O MPC observou que, ao elaborar o projeto original “Educação para o Trânsito”, a Futura incluiu como etapa 3 a produção de kit sobre comportamento no trânsito. A fase foi alterada para o desenvolvimento de uma plataforma digital, sem qualquer motivação por parte do Detran-ES.

Outros indícios de irregularidades apontados foram: especificação do objeto do contrato de forma incompleta, evidenciando-se, assim, a falta de cuidado e planejamento; e atuação da empresa contratada em ramo de atividade incompatível com a totalidade do objeto do contrato.

Sobre o último ponto, a representação narra que grande parte dos 75% do valor do contrato, ou seja, R$ 2.115.189,50, se refere a serviços na área de informática, com disponibilização de plataforma digital e desenvolvimento de software, área em que a Futura não possui “expertise”, tendo em vista que previa que a plataforma digital seria desenvolvida por equipe técnica especializada a ser contratada pela empresa.

Além disso, a legislação prevê que compete ao Instituto de Tecnologia da Informação e Comunicação do Espírito Santo (Prodest) a análise técnica e de viabilidade de contratação de serviços de informática de qualquer natureza. Contudo, o processo não passou pelo crivo do Instituto.

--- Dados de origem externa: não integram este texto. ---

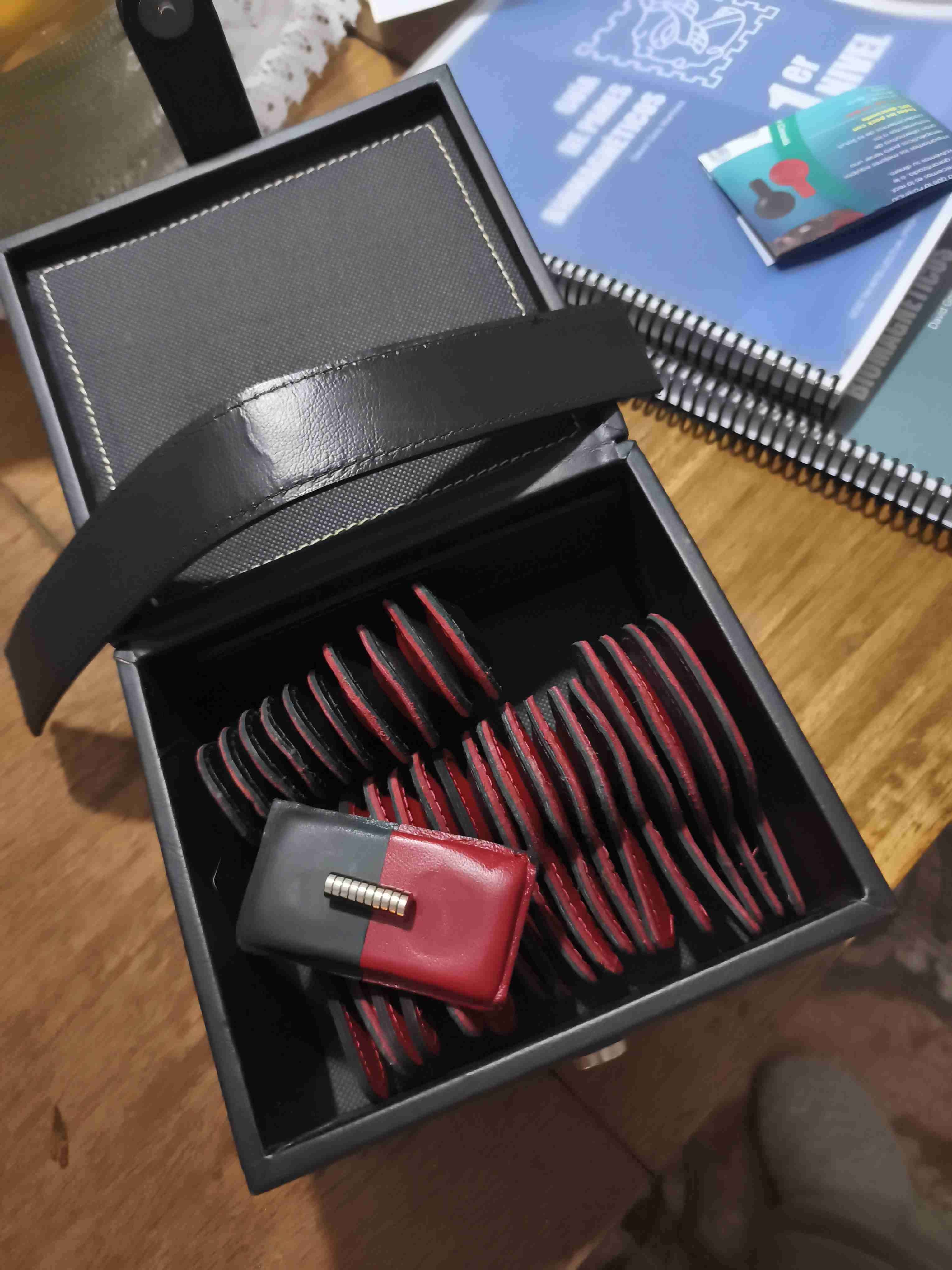 Set profesional de biomagnetismo - miniatura 5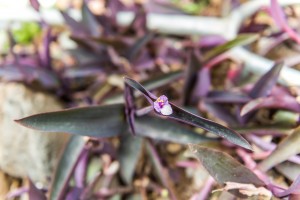 Blume Madeira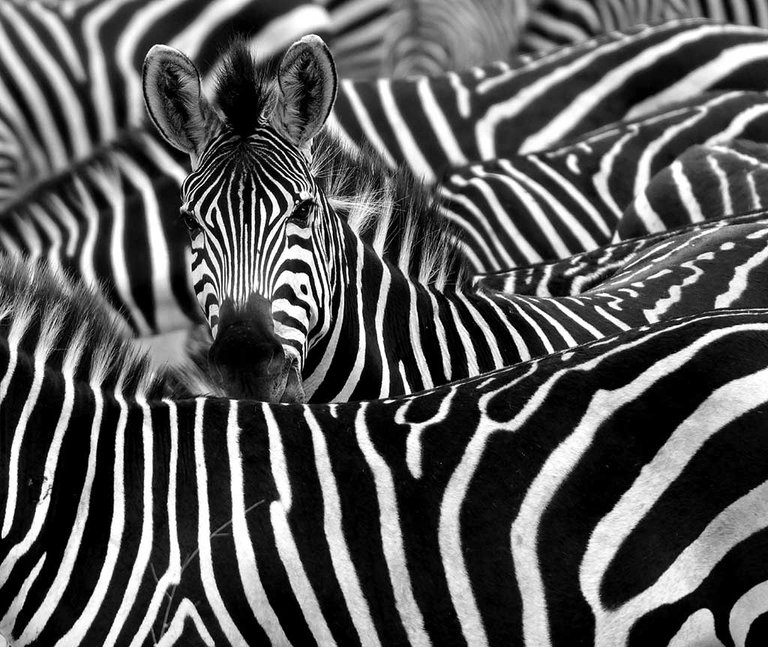 why-are-zebras-striped.jpg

O MPC ressalta, ainda, que não é possível identificar qualquer intervenção do antropólogo DaMatta como coordenador-geral do projeto, inexistindo comprovação de orientação, supervisão ou planejamento dos trabalhos realizados pela empresa Futura. Acrescenta-se a isso o fato de o Detran-ES ter feito o pagamento da totalidade do serviço de conclusão da plataforma digital, no valor de R$ 1.138.948,00, sem que haja comprovação de que o protótipo da plataforma digital tenha sido concluído.

Pedidos
Além da suspensão dos pagamentos do Detran à empresa contratada, por meio da concessão de medida cautelar pelo TCE-ES, o MPC pede a notificação dos representados e que, ao final do processo, seja aplicada a pena de multa e inabilitação de cargo em comissão ou função de confiança aos agentes públicos responsáveis, bem como seja a empresa Futura Consultoria e Pesquisa Ltda. declarada inidônea para participar de licitação ou contratar com o Poder Público estadual e municipal.

A representação tramita no Tribunal de Contas sob o número TC 5489/2015 e tem como relator o conselheiro Sérgio Manoel Nader Borges.